Fenerbahçe tarihinin Avrupa'nın en üst düzey kupasındaki ilk final-four'una nihayet ulaşabildik. Avrupa Şampiyonluğu için kurulan takım belkide Türk spor tarihinin en dominant takımı haline geldi. Türkiye Ligi, Türkiye Kupası Şamiyonlar Ligi'nde üç kulvarda tek bir mağlubiyet almadan ve bütün maçlar dahil edildiğinde sadece 3 set vererek bu seviyeye gelmek inanılmaz bir başarı. Şimdi bu seviyeye geldikten sonra artık kupa için iki maç kaldı geriye. Bu sene Rus takımlarının bir üst seviyesinde olan İtalyan takımlarından Asystel Novara ve Scavolini-Bergamo ikilisinden biriyle final oynayacağız Cannes'i geçersek. Geçen sene şu anki kadromuzdan çok daha zayıf bir takımla CEV Cup Final Fourunda karşılaşmış ve kaybetmiştik Novara'ya. Vakıfbank eşleşmesinde gördük ki Novara Vakıfbank'ı kolay elese de bizden daha iyi bir takım değil. Scavolini'de ilk grup aşamasında Vakıfbank'ın grubundaydı ve izlediğimiz maçları göz önünde bulundurursak onlardan da iyi durumdayız. Cannes'in hiç bir maçını izlemedim ama bu iki İtalyan takımından daha iyi bir kadroları yok. İki sene üstüste şampiyonlukları var Kupa 1'de 2002 ve 2003'te. O yıllardaki dominasyonları yok son yıllarda ama evsahibi avantajı voleybolda tehlikeli bir şeydir. Beklenmeyen bir performans gösterebilirler.

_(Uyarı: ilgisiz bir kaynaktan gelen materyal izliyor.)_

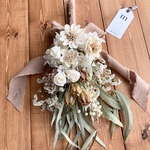 天使のスワッグ♡アンティークピンク🕊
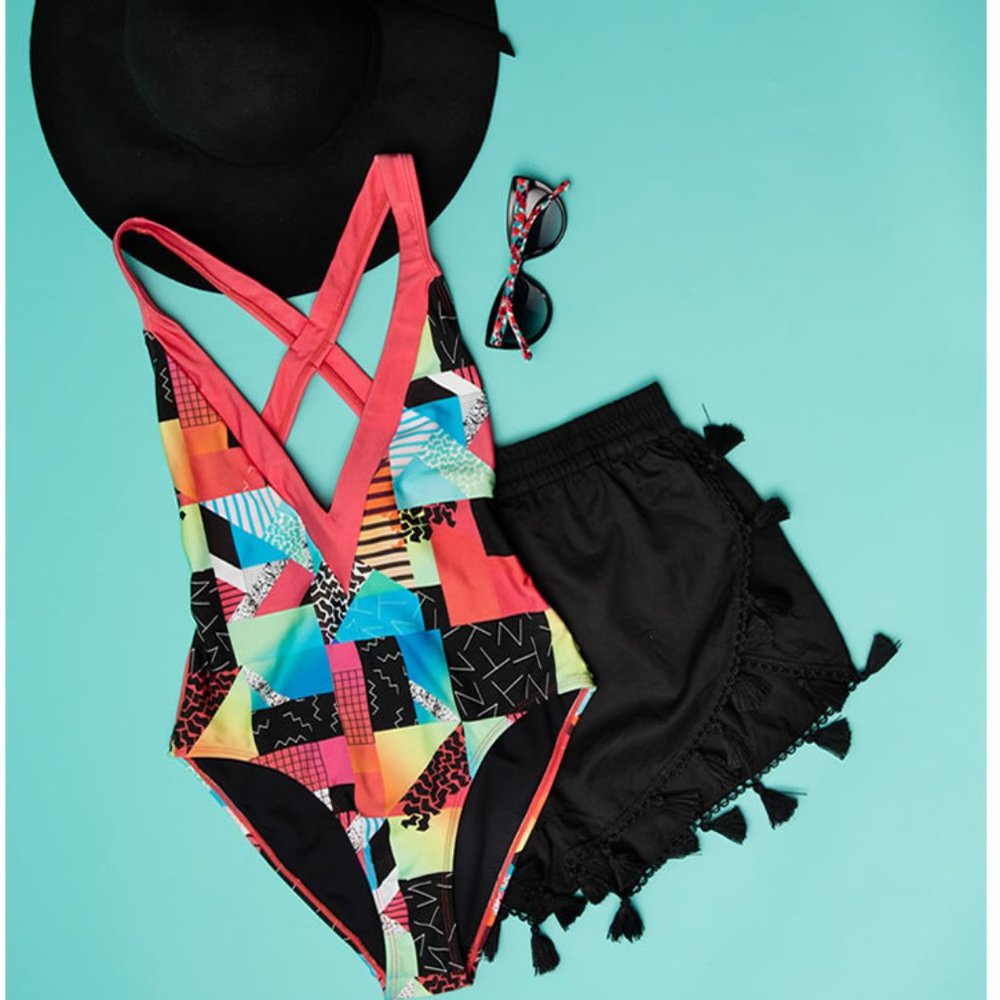 NWT One Piece
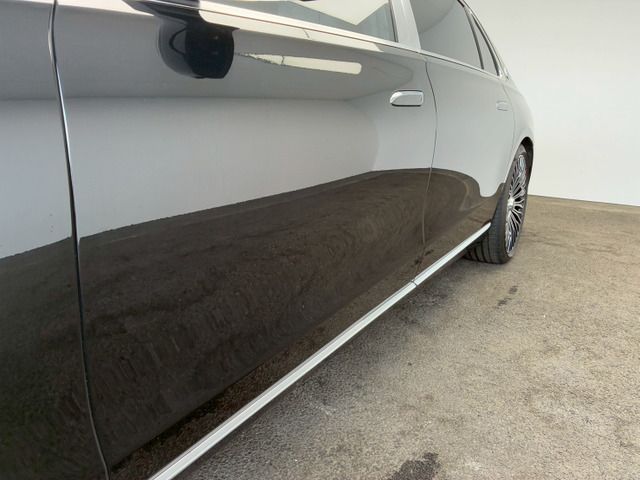 2023 Mercedes-BENZ S-CLASS 缩略图 24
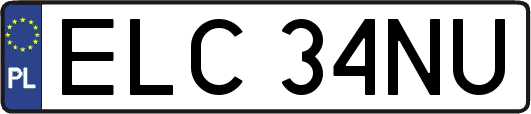 ELC34NU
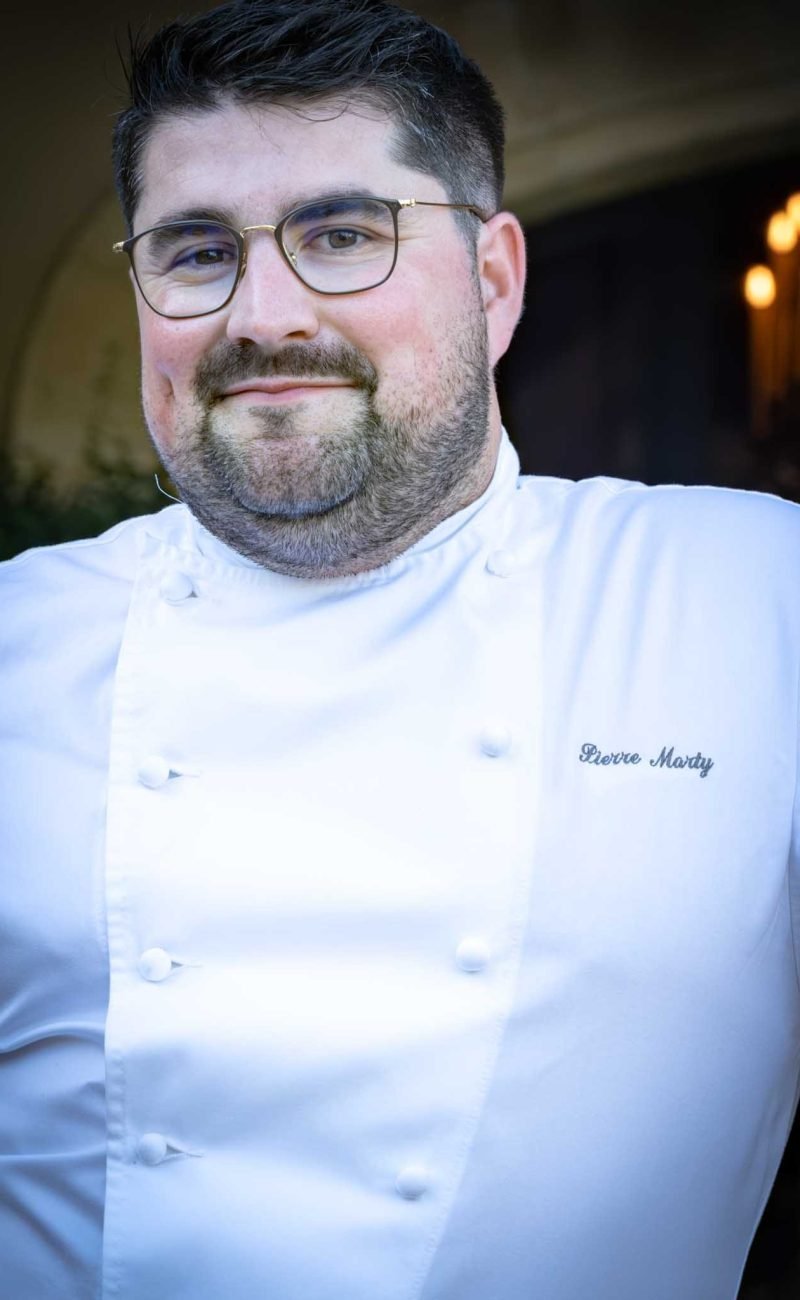 Photographe d'Hôtellerie Restauration Culinaire Nantes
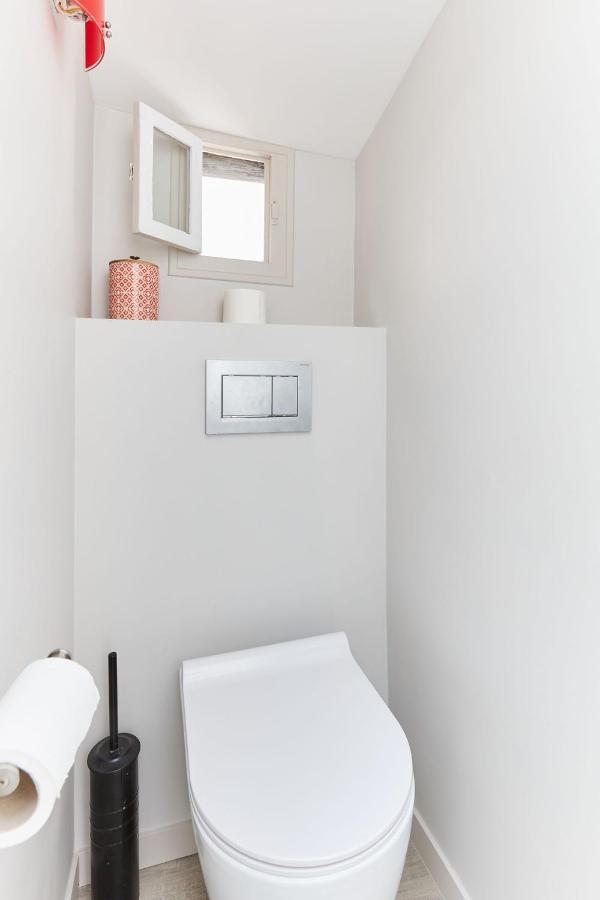 St Germain Des Pres With Balcony - Cityapartmentstay Appartement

Final-Four'un bir numaralı favorisi biz gözüküyoruz. Cannes, Novara ve büyük ihtimalle üçüncü takım olarak gelecek Scavolini Pesaro bizim kadar domine ederek gelmediler bu seviyeye. Tek korkum bu sene 5 seti geçtim 4 setlik bir maçı bile zor oynamamız. Eczacı'yla süper kupa ve Vakıfbank'la ligin ilk yarısındaki maç 4 set sürdü. Sadece Dinamo Moskova maçı 5 sete uzadı. Dengimiz bir takımla oynadığımızda maçın başa baş gitmesi durumunda bu duruma oyuncuların nasıl tepki verebileceğini bilmeyecek olmamız bir dezavantaj olarak görülebilir. Takımda son derece tecrübeli oyuncuların olması, defalarca buraları yaşamış "winner" oyuncuların olması bu durumla baş edebilmemiz konusunda bize yardımcı olacaktır yine de.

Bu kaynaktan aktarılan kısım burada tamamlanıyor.